Ce qui est sûr, c’est qu’avec la réserve du club, Ødegaard continue de travailler ses gammes et que la mise à l’ombre ne peut pas lui faire de mal. Au sein de la très jeune équipe entraînée par Zizou – 20 ans de moyenne d’âge – il reste là encore le benjamin, mais est actuellement le sixième joueur de champ le plus utilisé, avec 10 matchs disputés pour 2 passes décisives et 0 but. Bilan : peut mieux faire, forcément, mais son glorieux coach en a l’air satisfait et lui a déjà confié le brassard à l’occasion. Zidane, qui dirige aussi son fiston Enzo, expliquait récemment dans une interview à L’Équipe Mag que cette expérience de la Segunda B pour les gamins choyés du Real était très formatrice, les équipes en face, avec parfois des joueurs approchant le double de leur âge, leur apprenant le goût du combat physique. Sans compter des terrains bosselés parfaits pour l’endurcissement.

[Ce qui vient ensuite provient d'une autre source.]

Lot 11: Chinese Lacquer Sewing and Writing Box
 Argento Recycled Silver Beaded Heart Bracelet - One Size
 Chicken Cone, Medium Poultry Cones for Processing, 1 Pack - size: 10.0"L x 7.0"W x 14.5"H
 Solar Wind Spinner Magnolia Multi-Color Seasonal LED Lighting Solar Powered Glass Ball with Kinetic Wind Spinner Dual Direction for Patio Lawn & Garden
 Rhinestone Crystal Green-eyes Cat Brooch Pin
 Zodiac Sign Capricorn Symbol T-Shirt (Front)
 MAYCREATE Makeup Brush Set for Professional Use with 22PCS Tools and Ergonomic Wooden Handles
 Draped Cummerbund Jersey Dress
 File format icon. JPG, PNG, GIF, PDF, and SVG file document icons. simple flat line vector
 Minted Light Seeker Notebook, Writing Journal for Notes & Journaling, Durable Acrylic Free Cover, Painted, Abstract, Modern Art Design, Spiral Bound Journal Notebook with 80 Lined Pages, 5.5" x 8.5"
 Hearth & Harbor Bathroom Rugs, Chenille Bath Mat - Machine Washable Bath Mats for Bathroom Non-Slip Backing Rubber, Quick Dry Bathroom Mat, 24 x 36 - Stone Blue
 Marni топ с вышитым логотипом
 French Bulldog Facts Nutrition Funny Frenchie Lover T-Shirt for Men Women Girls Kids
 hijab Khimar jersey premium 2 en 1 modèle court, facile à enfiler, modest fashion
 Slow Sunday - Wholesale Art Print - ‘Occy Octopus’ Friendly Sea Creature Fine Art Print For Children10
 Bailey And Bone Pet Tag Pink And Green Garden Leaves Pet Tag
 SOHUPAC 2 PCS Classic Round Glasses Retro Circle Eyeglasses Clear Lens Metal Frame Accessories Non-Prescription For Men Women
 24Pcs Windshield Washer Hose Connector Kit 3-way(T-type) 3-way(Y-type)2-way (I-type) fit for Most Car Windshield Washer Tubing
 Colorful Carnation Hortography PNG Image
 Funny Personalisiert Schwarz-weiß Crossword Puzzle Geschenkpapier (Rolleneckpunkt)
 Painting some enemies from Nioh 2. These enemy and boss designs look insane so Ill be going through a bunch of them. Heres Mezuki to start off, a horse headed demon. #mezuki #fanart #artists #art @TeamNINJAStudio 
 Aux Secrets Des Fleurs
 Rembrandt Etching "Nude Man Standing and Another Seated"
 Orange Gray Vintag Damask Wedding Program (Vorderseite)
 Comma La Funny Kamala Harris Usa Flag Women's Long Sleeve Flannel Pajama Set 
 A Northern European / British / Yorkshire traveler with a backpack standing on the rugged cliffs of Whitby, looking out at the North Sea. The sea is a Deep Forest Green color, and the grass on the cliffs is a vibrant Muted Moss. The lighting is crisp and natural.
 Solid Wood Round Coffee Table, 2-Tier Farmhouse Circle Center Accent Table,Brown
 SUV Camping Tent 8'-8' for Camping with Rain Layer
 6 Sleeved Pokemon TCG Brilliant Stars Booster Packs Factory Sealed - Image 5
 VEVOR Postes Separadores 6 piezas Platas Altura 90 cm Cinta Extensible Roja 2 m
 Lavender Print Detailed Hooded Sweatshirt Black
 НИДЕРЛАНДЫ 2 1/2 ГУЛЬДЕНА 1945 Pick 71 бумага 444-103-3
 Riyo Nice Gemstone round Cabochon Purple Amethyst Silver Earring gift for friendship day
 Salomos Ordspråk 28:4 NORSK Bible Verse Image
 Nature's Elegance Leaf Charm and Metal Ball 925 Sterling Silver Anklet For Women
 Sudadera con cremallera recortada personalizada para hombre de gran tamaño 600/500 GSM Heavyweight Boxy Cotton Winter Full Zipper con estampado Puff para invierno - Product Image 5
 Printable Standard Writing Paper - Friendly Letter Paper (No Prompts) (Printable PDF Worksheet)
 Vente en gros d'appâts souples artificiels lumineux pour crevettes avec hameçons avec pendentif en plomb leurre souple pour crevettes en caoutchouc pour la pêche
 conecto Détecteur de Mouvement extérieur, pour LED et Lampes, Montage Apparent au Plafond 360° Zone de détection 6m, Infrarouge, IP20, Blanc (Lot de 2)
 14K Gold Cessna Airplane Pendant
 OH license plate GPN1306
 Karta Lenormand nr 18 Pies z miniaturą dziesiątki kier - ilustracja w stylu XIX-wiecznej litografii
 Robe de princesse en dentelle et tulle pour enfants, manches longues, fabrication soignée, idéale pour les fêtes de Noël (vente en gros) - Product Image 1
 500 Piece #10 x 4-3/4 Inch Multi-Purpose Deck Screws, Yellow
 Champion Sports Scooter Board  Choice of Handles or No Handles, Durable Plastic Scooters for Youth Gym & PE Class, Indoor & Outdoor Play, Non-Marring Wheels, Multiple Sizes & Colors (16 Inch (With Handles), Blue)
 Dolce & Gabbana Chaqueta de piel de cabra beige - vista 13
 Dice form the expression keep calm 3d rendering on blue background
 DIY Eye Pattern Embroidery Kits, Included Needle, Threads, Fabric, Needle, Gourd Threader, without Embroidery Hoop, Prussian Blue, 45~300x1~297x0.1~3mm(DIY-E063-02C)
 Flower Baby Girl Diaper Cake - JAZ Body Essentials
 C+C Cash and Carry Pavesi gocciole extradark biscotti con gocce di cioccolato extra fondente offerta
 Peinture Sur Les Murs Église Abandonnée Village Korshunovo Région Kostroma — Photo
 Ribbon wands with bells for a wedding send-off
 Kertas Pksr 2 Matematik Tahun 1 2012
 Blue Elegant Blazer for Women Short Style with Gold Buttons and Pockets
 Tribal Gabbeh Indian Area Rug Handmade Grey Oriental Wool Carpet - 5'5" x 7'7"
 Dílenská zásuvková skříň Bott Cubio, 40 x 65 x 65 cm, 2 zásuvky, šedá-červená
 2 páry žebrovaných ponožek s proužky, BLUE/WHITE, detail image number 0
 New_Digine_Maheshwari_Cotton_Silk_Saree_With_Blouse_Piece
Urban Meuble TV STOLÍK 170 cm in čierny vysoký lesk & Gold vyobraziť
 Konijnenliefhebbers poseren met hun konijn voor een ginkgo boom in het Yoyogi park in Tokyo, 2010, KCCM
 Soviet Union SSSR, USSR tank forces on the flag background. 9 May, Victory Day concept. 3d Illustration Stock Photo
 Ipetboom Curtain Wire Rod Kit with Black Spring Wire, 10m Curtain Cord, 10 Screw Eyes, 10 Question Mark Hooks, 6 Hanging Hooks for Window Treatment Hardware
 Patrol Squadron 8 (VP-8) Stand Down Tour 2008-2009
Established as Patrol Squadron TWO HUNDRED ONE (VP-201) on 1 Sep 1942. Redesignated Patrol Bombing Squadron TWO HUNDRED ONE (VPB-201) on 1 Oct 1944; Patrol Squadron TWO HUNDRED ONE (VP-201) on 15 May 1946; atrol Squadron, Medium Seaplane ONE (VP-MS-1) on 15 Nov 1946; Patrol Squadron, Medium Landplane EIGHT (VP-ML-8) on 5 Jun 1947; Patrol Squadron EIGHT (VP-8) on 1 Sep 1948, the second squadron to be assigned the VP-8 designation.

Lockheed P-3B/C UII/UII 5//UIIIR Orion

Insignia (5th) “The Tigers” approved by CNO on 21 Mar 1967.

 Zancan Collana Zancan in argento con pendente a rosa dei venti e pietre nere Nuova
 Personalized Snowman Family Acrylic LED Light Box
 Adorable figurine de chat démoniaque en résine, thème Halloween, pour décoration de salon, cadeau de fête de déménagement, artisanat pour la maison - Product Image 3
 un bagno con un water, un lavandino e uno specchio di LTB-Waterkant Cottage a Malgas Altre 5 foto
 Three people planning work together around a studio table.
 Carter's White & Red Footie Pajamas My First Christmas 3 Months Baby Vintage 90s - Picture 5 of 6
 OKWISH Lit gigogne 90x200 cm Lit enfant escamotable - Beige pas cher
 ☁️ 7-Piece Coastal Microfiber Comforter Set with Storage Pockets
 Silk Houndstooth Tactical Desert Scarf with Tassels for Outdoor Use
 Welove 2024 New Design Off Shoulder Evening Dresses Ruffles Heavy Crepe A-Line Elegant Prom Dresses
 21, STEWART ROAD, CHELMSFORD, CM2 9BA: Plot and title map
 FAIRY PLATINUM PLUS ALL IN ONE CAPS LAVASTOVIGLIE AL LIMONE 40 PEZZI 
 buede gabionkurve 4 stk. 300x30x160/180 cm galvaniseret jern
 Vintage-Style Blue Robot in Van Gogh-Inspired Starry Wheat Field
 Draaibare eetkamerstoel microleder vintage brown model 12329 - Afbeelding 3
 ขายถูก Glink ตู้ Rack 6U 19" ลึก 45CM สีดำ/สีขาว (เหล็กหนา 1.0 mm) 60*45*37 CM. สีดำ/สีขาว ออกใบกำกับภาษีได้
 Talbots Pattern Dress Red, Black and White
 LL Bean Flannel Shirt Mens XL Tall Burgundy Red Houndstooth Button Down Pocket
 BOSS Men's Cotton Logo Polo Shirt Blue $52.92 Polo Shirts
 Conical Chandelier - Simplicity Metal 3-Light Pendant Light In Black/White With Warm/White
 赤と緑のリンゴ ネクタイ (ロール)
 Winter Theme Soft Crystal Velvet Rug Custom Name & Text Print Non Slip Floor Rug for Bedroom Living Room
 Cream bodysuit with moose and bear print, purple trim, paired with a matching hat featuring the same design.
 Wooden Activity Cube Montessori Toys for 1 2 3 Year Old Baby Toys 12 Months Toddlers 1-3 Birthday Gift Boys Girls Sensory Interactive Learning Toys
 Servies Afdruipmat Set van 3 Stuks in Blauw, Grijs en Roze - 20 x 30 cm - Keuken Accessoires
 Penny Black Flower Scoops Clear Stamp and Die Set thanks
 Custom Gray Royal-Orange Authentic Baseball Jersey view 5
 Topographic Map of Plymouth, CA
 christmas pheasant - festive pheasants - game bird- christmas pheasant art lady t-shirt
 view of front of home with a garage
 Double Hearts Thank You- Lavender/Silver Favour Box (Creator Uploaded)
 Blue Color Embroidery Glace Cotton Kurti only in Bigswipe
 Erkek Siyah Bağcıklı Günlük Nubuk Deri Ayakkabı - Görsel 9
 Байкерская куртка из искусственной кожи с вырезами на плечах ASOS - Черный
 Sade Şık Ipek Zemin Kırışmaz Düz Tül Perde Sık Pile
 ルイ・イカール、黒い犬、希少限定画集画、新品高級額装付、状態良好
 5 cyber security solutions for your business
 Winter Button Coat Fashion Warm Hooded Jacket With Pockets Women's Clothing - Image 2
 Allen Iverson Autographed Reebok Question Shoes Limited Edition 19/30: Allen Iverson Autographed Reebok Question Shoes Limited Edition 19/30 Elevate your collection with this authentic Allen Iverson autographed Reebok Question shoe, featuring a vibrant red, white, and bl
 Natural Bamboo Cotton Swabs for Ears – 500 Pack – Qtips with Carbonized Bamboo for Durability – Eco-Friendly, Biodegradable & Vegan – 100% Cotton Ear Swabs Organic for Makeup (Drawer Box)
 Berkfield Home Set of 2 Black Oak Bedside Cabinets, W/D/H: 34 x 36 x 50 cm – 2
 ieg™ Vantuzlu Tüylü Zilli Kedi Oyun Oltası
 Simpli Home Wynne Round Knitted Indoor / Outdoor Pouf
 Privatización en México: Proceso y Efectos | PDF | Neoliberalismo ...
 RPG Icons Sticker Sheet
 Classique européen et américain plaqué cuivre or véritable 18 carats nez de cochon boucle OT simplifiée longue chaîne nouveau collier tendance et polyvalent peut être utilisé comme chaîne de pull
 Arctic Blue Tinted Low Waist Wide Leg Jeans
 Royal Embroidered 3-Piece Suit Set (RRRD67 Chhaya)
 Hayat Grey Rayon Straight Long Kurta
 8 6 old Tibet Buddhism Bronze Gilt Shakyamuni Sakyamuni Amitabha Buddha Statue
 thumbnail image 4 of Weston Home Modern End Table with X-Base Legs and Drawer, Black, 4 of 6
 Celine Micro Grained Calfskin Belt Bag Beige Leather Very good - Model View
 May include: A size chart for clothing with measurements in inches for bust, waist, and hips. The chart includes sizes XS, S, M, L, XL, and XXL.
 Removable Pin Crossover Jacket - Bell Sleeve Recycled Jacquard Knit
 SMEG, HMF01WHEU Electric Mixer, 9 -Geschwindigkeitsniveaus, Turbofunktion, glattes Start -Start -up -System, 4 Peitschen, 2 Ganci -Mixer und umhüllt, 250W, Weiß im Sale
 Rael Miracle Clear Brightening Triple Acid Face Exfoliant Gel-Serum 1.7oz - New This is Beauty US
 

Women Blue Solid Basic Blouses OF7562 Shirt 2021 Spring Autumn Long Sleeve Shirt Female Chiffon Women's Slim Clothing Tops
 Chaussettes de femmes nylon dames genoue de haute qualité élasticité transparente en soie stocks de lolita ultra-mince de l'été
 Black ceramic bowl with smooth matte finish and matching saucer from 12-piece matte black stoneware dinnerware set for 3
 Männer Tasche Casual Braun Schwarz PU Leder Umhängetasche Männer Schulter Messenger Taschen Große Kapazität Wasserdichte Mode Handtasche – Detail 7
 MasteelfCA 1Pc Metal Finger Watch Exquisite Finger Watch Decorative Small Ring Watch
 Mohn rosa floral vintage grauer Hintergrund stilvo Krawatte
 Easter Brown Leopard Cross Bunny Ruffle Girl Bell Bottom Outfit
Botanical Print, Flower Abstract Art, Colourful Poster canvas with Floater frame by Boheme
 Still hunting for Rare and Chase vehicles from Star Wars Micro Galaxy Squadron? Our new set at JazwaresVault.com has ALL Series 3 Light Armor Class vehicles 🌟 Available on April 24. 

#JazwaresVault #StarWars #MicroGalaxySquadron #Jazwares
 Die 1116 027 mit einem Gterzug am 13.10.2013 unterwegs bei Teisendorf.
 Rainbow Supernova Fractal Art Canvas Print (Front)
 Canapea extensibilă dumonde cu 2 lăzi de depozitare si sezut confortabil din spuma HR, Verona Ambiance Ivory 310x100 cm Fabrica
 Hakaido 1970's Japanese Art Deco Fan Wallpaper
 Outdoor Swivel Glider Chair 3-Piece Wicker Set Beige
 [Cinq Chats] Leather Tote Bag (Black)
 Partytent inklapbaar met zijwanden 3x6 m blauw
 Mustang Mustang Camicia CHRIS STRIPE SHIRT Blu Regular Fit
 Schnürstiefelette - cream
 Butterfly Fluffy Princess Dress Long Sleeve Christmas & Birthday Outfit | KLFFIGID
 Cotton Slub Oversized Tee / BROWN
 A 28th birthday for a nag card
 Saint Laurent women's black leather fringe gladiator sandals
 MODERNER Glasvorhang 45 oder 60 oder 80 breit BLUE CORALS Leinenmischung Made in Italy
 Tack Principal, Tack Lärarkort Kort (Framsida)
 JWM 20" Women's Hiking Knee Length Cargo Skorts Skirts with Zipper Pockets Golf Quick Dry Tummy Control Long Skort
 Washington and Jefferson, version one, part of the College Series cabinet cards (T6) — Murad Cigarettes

« J’ai 16 ans, je gère les choses du mieux possible et j’ai une longue route devant moi. Je ne suis pas pressé et il n’y a aucune raison que je m’inquiète » , tempérait l’intéressé il y a quelques jours, alors qu’on lui prêtait des envies d’ailleurs par le biais d’un prêt : Getafe cet hiver, après la rumeur Villarreal de l’été dernier. Les vidéos qui circulent de ses prestations au sein de la Castilla montrent qu’il n’a en tout cas rien perdu du talent qui l’a rendu si précoce : technique délicieuse dans les petits espaces, grosse vitesse d’exécution, intelligence de jeu très largement au-dessus de la moyenne… Dans l’axe ou sur le côté droit, le milieu offensif pourrait disputer ce jeudi sa 8e sélection internationale, déjà, bien qu’il ait aussi perdu cet été sa place de titulaire en sélection, depuis l’émergence de concurrents nommés Markus Henriksen (AZ) et Jo Inge Berget (Malmö). Composer avec la concurrence et les critiques, apprendre l’humilité et la patience… Lui à qui tout réussissait presque trop facilement jusqu’à présent entre dans une période plus dure de sa toute jeune carrière. Pas la moins formatrice pour le futur.